El autor de 'Lolita' cargó el peso de su exilio con alegría, lo cual es siempre preferible a la lamentación y el victimismo

Cazar mariposas suponía para Nabokov la satisfacción de un agudo deseo de soledad. (CC)
Xavier Carbonell

28 de enero 2024 - 13:51

Salamanca/Cada vez que leo a Nabokov pienso en el poema cursi sobre el "niño travieso cazando mariposas". Como ocurre a menudo con Martí, quizás el poema no es tan cursi, o lo es por culpa del escuadrón de maestros que nos obligó a memorizarlo. El caso es que el niño entre la hierba, con la red en la mano, de salacot y chaqueta caqui, es una imagen perfectamente nabokoviana. Más si el niño es un bribón y el objetivo de su cacería es besar algo que está a punto de morir o ser disecado.

Nabokov nació en 1899 –el mismo año que Borges, Hitchcock y Hemingway–, escapó de Rusia en 1919, escribió Lolita en 1955 ("un parto doloroso, un bebé difícil") y murió en 1977, soñando con infiltrarse en el país natal con un pasaporte falso. Habla, memoria, publicado en 1966, es la autobiografía de un escritor pero también la de un entomólogo y la de un ajedrecista. ¿Cómo convivieron los tres Nabokov en uno solo? Gracias al exilio. El exilio lo obligó a salvar lo ínfimo, como el recuerdo de una partida contra su padre cuando huían en barco a Constantinopla o sus expediciones infantiles en busca de ninfas, falenas y polillas.

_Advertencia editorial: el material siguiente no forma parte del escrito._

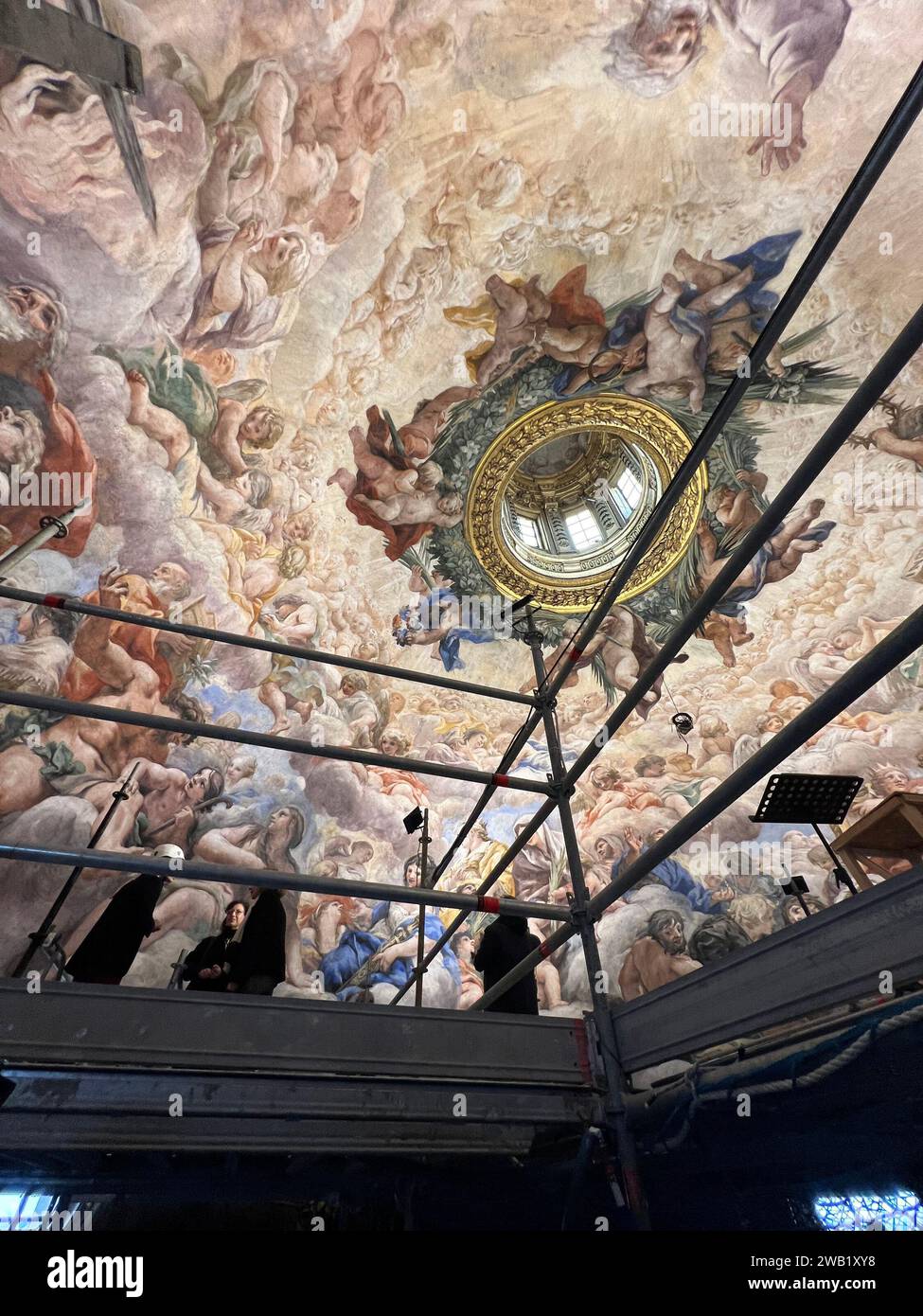 **KEINE WEBSEITEN UND ZEITUNGEN NUR FÜR ITALIEN** ROM die neu restaurierte Kuppel von Santa Maria in Vallicella Rom Stockfoto
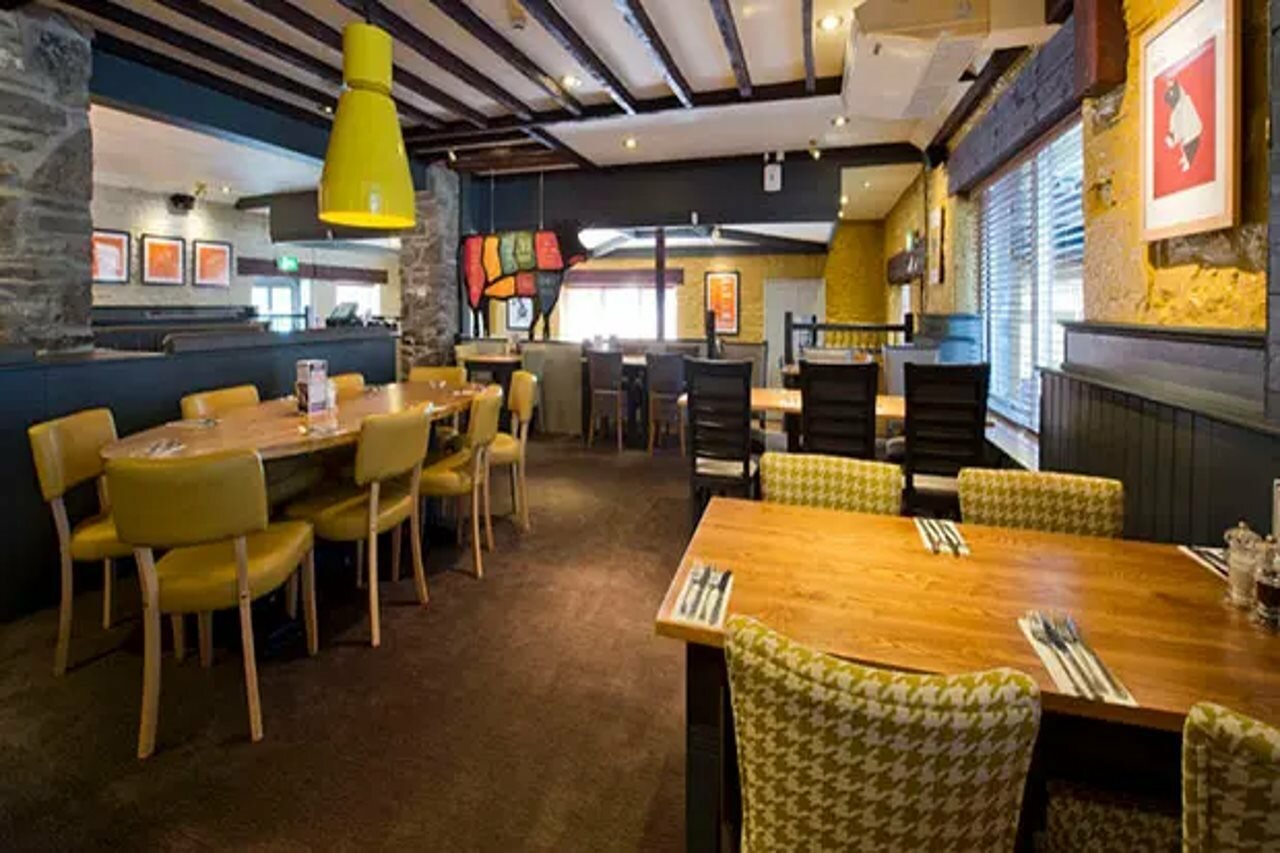 Фото Premier Inn Dundee West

El exilio enseña a no encariñarse mucho con la mariposa. También enseña a recordarla mejor.

La memoria de Nabokov es una galería de pérdidas y perdedores. Muertos que alguna vez fueron importantes, nobles, soldados, diplomáticos, casi todos desterrados por Lenin o fusilados por Stalin. Me conmueve la imagen del andrajoso general Kuropatkin, amigo de la familia, que le pidió fuego al padre de Nabokov para encender su cigarro cuando ambos huían de la ciudad. O la del tío Konstantin, que se salvó de ahogarse en el Titanic tras devolver por casualidad su pasaje. O Tamara, la novia de juventud de Nabokov, de la cual no volvió a saber cuando se fue de Crimea. "A partir de entonces y durante varios años –escribió–, hasta que una novela me alivió de esa fértil emoción, la pérdida de mi país fue para mí lo mismo que la pérdida de mi amor".

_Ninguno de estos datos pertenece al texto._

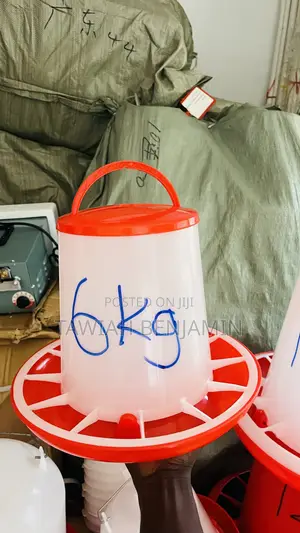 6kg Hanging Chicken Feeder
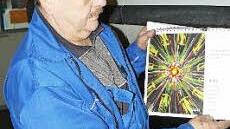 Siegfried Dippold präsentiert seinen ersten Kalender, illustriert mit seinen Werken sowie Weisheiten, Sprüchen und Zitaten. Foto: K.-P. Wulf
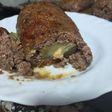 Rollo de carne relleno de berenjena y queso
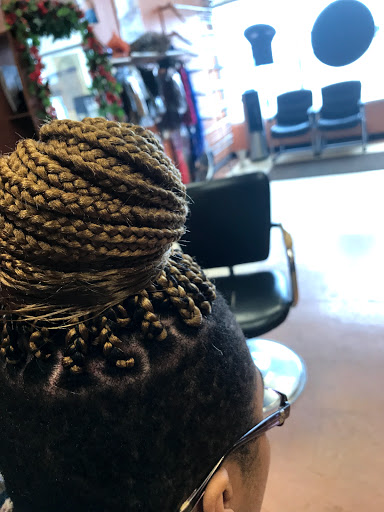 Shopping Mall «Eagledale Plaza Shopping Center», reviews and photos, 2802 Lafayette Rd, Indianapolis, IN 46222, USA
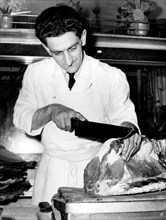 coupe d'un steak, y compris l'entrecôte, le filet et l'aloyau, 1966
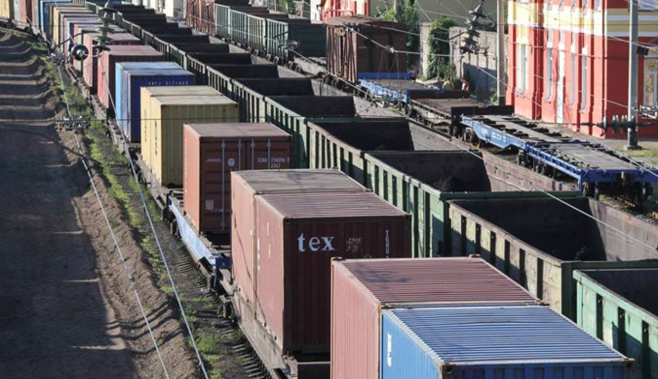 Минэкономики рекомендует Укрзализныце не повышать тарифы на грузовые перевозки: это не спасет ситуацию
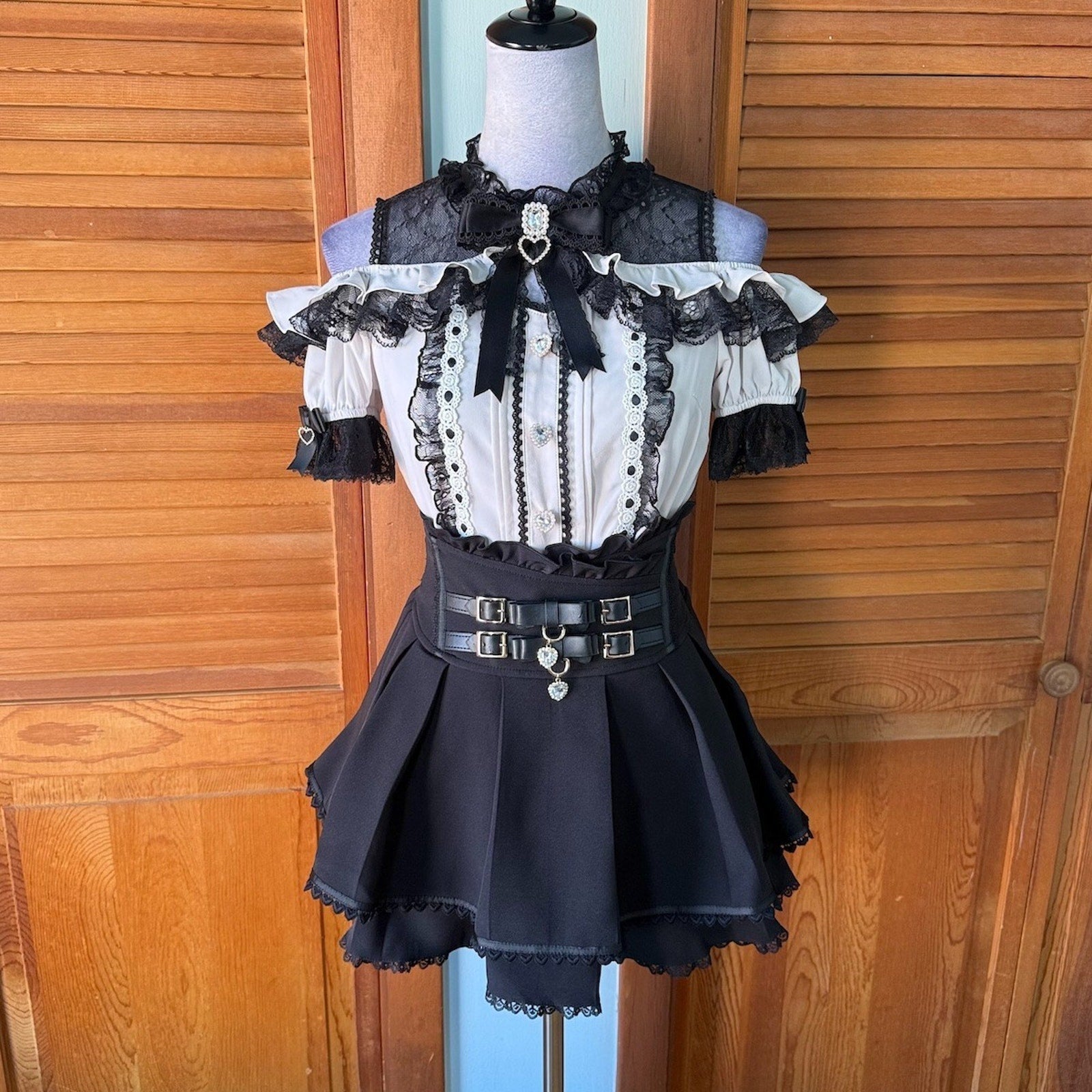 J-Fashion Jirai Kei Gyaru Harajuku Heart & Buckle Top & Skirt Set Up Outfit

Muertos que alguna vez fueron importantes, nobles, soldados, diplomáticos, casi todos desterrados por Lenin o fusilados por Stalin

Habituado a hablar inglés desde niño –gracias a sus institutrices británicas, otro factor común con Borges–, el idioma de Nabokov es depurado y vívido. Para el inglés, Nabokov es otro Conrad, un peregrino entre lenguas que acaba ofreciendo a la literatura ajena una expresión de alto calibre. Sin embargo, Nabokov es también un extraordinario ejemplo de apego al ruso. Durante su juventud en Cambridge compró los pocos libros en ruso que pudo encontrar y decidió leer diez páginas diarias de un diccionario, anotando expresiones llamativas. "Mi temor a perder, o a corromper, a través de las influencias extranjeras, lo único que había podido llevarme de Rusia –su lengua– llegó a ser morboso y más atormentador que el temor que experimenté dos decenios después de no poder jamás llegar a elevar mi prosa inglesa al nivel de mi prosa rusa".

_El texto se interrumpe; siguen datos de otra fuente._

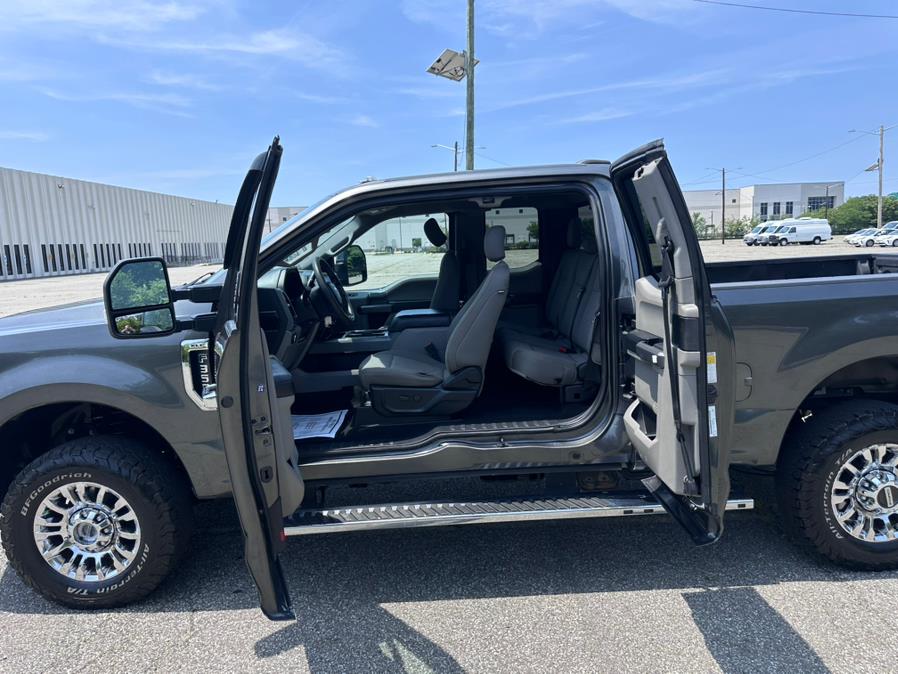 2020 Ford Super Duty F-350 SRW XLT 4WD SuperCab 8'' Box, available for sale in Garfield, New Jersey | Mikes Auto Sales LLC. Garfield, New Jersey 2020 Ford Super Duty F-350 SRW XLT 4WD SuperCab 8'' Box, available for sale in Garfield, New Jersey | Mikes Auto Sales LLC. Garfield, New Jersey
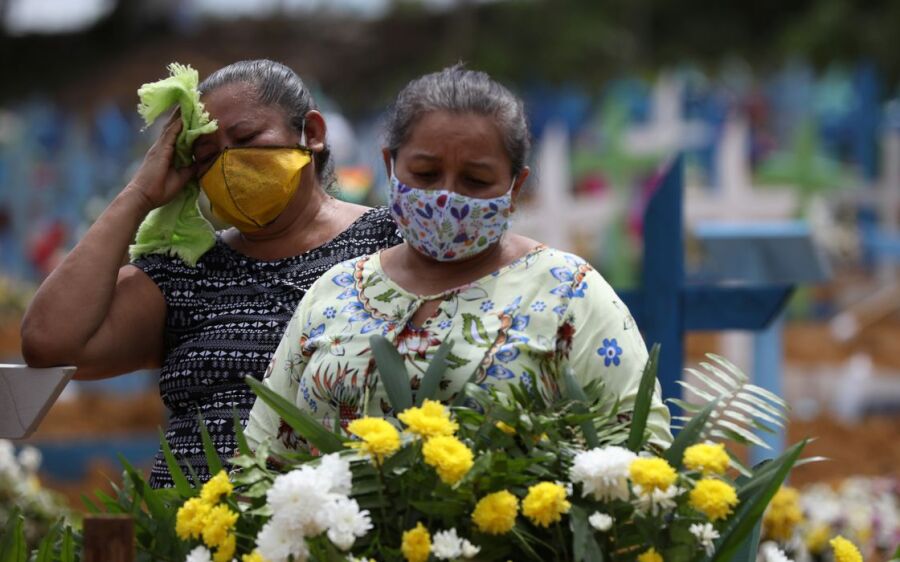 Dia de Finados: como a pandemia abalou o processo de luto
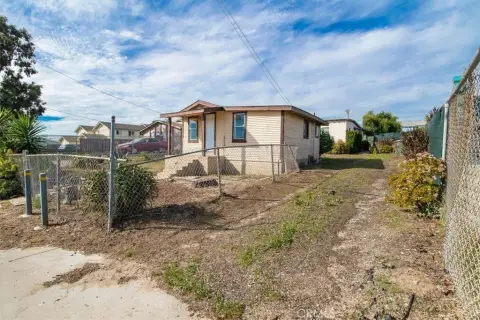 Oceano Duplex: Multifamily Opportunity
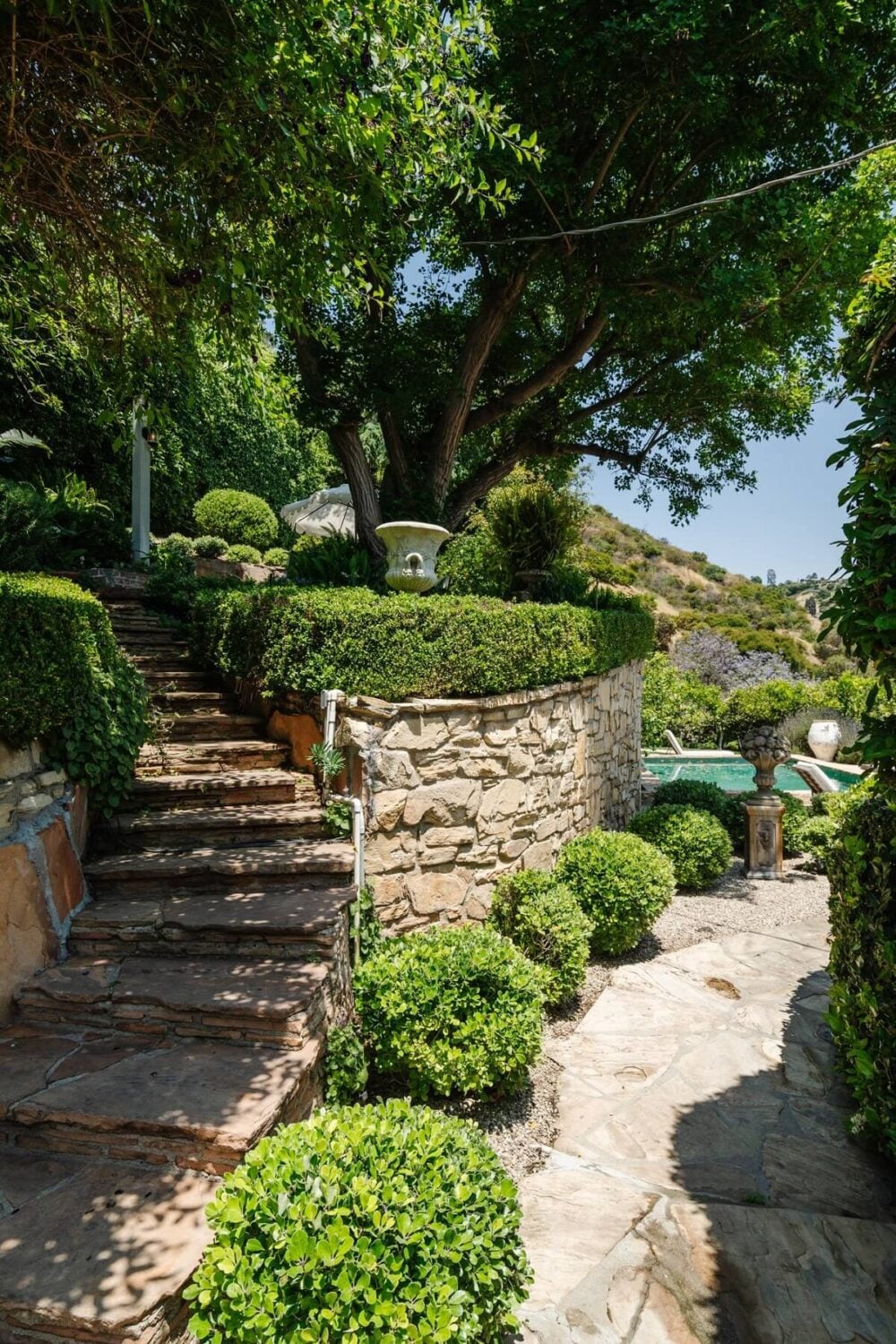 Black Accents in a Traditional Los Angeles Home 43 garden-staircase-los-angeles-nordroom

Noticias de los demás Nabokov –el jugador de ajedrez y el entomólogo– las dan múltiples capítulos de Habla, memoria. Cazar mariposas es la satisfacción de un agudo deseo de soledad. Componer problemas sobre un bello tablero con piezas Staunton supone penetrar en un "campo magnético, un sistema de marcas y abismos, un firmamento estrellado".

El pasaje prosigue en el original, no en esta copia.